Clever Hans was an Orlov Trotter horse who lived in Germany in the early 20th century.

Clever Hans was said to have been taught to add, subtract, multiply, divide, work with fractions, tell time, keep track of the calendar, differentiate musical tones, and read, spell and understand German. For example, his trainer would ask Clever Hans, “If the eighth day of the month comes on a Tuesday, what is the date of the following Friday?” Hans would answer by tapping his hoof eleven times.

So amazing was Clever Hans that there was a formal investigation in 1907. Psychologist Oskar Pfungst demonstrated that the horse was not actually performing these mental tasks but was watching the reactions of his trainer.

Clever Hans only got the answer right when the person asking the question knew the answer.
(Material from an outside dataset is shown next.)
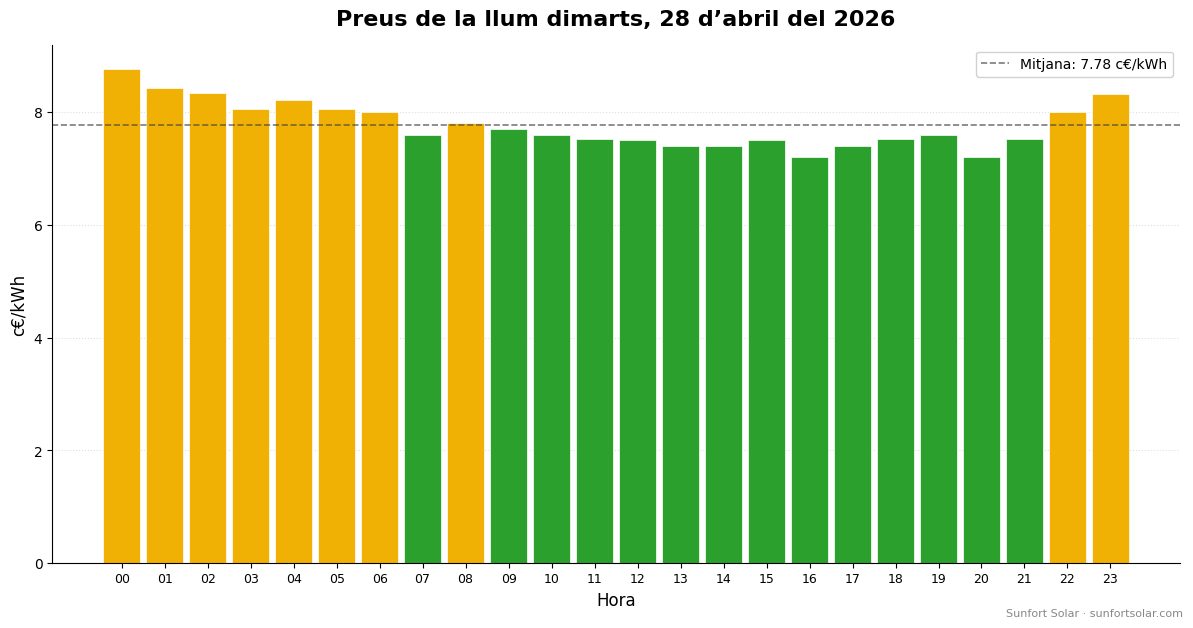 Preu de la llum el 28 d’abril del 2026: millors hores per consumir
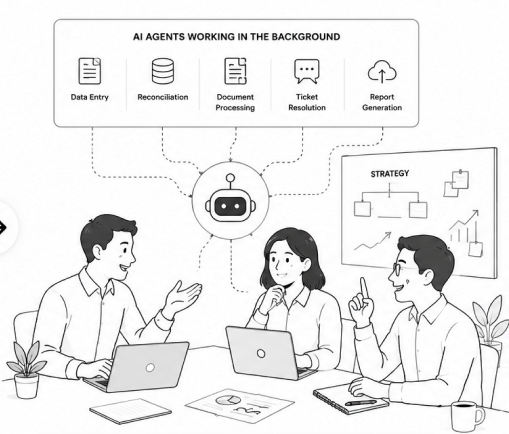 A focused team collaborating on strategy while AI agents handle data entry, reconciliation, and reporting in the background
Clever Hans would tap slowly and the questioner’s anticipation would raise until Clever Hans tapped the final time, at which point the questioner would relax and Hans would stop.

The moral of this story for the radio industry? Don’t believe everything you’re told. There are a lot of myths disguised as facts in the world of radio programming…. lots of alleged “knowledge bites” that are easy to digest and understand but are often too broad or simplistic to be correct.

You have no doubt heard hundreds of off-the-cuff statements masquerading as hard facts.

Here are just a few.

Women don’t like to hear women announcers on air. REALLY? BPR Talent studies often reveal the most popular presenters with both males AND females are…. yes you guessed it…..females!

Contests are a great way to build TSL. Some may……. but certainly not all of them, especially given only a fraction of radio listeners ever participate in contests.

For a new station to succeed, every aspect of the marketing mix must be right. Mmmm…. but what is right? It would appear anything done for a successful new station is right….. and anything done for an unsuccessful station is……wrong!

Leading stations have strong brand equity. How do we really know if a station has strong brand equity? When a station is successful – lots of people listen to it. But this could be due to a great morning show, a strong music position, etc. It could also be because the opposition is weak/poorly programmed …in other words, the leading station is not that good it’s just not as bad as the rest! Without proper brand research, you are only surmising that a station has strong band equity. Research will often show that a station may have a large listener base but has weaknesses across its key programming positions which provide an opportunity for competitors who finally “get their act together”.

Remember Clever Hans………don’t believe everything you’re told on face value.

Question everything…seek evidence…analyse the situation objectively….and never forget, ask the listeners.